Contractors have blamed the stall on a leftover steel pipe that
Bertha hit underground, but the extensive damage suggests the machine
may have suffered from inherent weaknesses.
“It was poorly understood, going that big in diameter, expecting that
seal to work,” said Howard Handewith, of Seattle, a consultant and
tunnel manager retired from the Robbins Co. “It was just that the
structure was too big, and too flexible.”
Before the giant drill broke down, metal
fragments dropped into the pinion gears and the bull gears and the bull
gear, cracking and chipping several teeth. (Source: Todd Trepanier,
Washington State Department of Transportation.

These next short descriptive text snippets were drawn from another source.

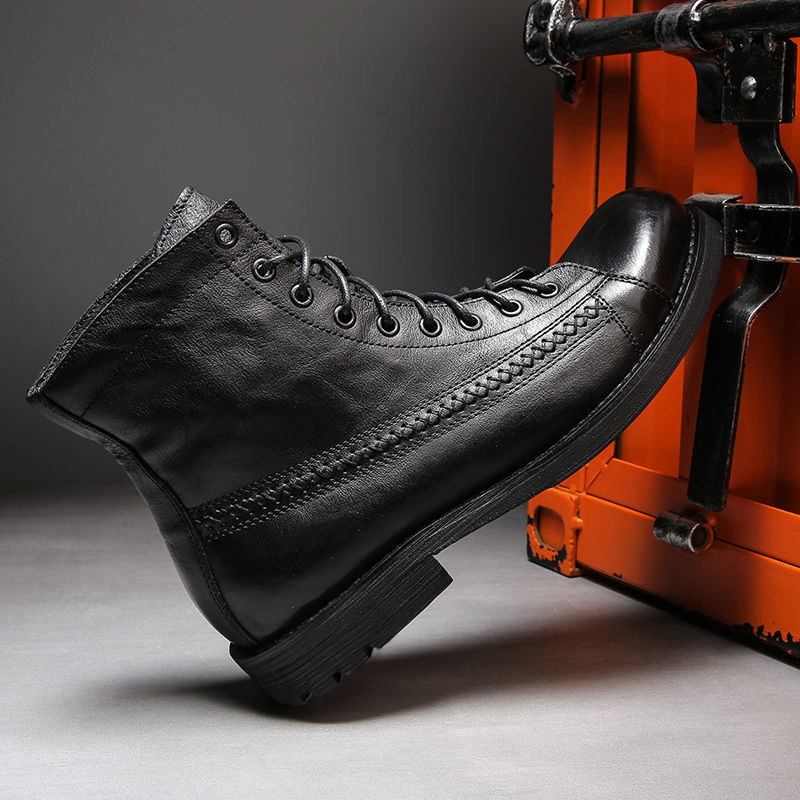 Mens Ankle Boots Classic Handm – Leather Work Fabric recenzja i cena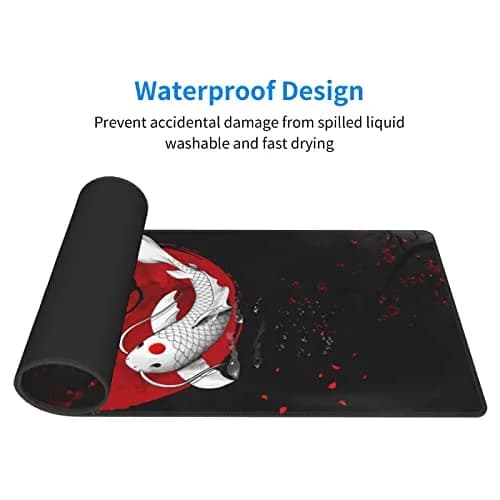 Gianlaima Japanese Koi Mouse Pad XL Extended Desk Mat | Large 80x30cm, Waterproof, Non-Slip Rubber Base thumbnail 6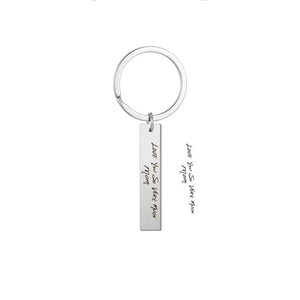 Custom Handwriting Name Keychain Stainless Steel Keyring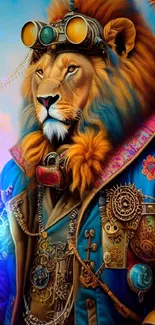 Majestic steampunk lion in vibrant colors with intricate gears.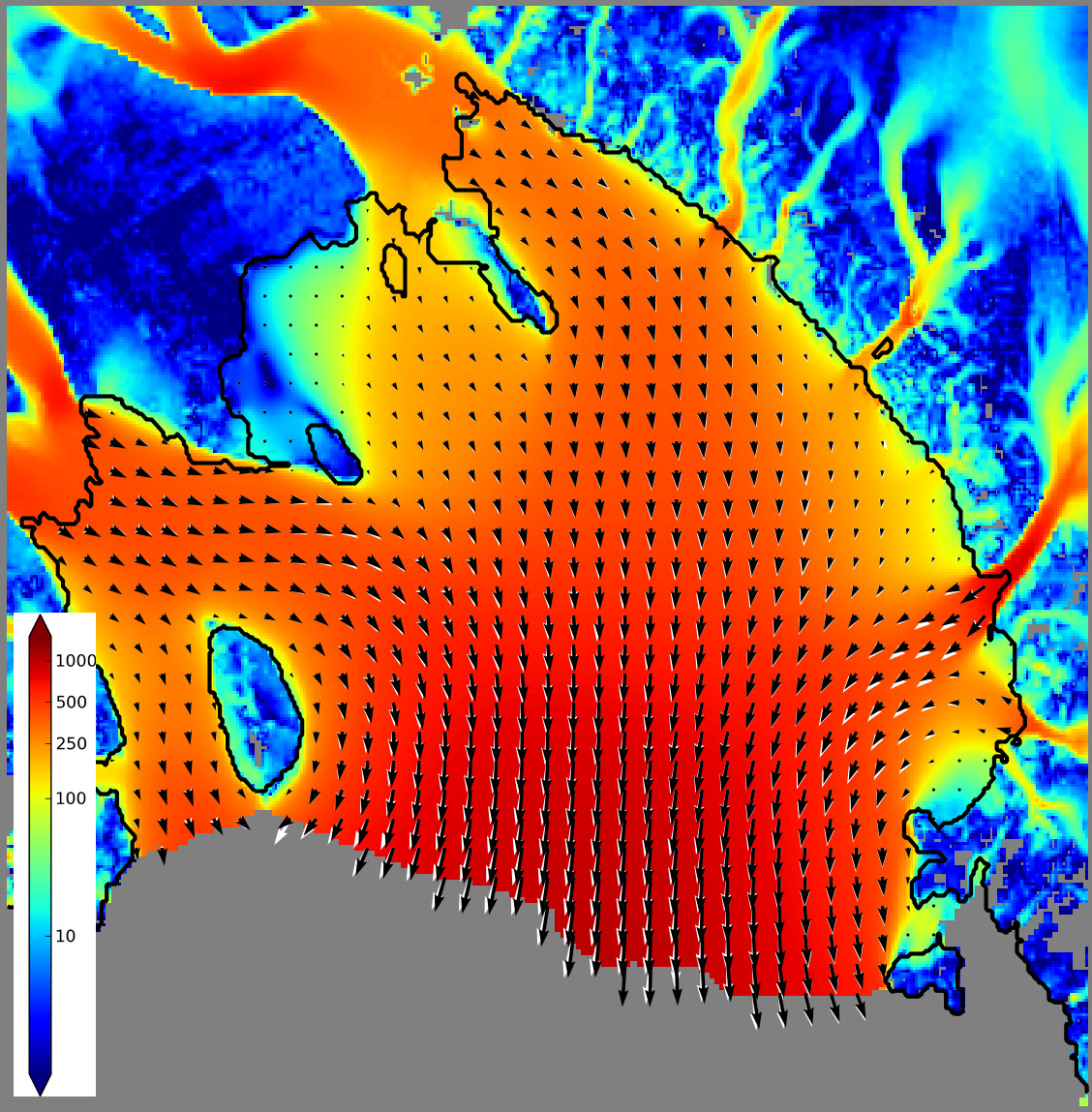 modeled ice speed for Ross Ice Shelf, Antarctica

Nonetheless, he said, Hitachi shouldn’t be scapegoated, and he
predicted that after Bertha is outfitted with tougher seals and steel
stiffening plates, the machine should work. He said gear damage is
certainly not common but has happened in tunneling history.
While the damage is more extensive, the broken and chipped parts, bull gear included, already were scheduled for replacement.

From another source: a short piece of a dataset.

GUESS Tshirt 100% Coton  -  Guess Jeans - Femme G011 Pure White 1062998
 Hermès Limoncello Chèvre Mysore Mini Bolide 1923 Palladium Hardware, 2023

“So that damage they didn’t expect is not causing additional time delay to the repair,” Trepanier told reporters.
So in that case, why would STP miss the August goal?
Trepanier
said that’s a schedule question for contractors, who are supposed to
give the Washington State Department of Transportation (WSDOT) a new
timeline in June.
Contractors have decided to replace not only the outer seals that
were known to be damaged but also Bertha’s inner seals “to make them
more compatible with the new outer seals, and easier to access should
the need arise,” a WSDOT statement said. Those new inner seals are
scheduled to arrive in May from Japan.
An earlier schedule from Dixon called for finishing repairs and lowering the cutter unit back into the ground by the end of May.
They
are clearly nowhere near that milestone. Work was under way Monday
morning on the rusty cutter face, where openings for dirt to enter will
be widened. A WSDOT photo shows contractors smoothing out scuffed
surfaces on a drive ring.
Council members at the Monday briefing showed growing impatience. In
light of Bertha’s woes, Sally Bagshaw, a solid tunnel supporter,
wondered how the city knows if Bertha can survive the next 1½ miles of
drilling toward South Lake Union.
Councilmember Tom Rasmussen raised a formerly taboo question, of whether WSDOT might wind up hiring a new contractor.
“Is this open-ended or is there a deadline at some point? Two years, five years or 10 years, something out there?” he asked.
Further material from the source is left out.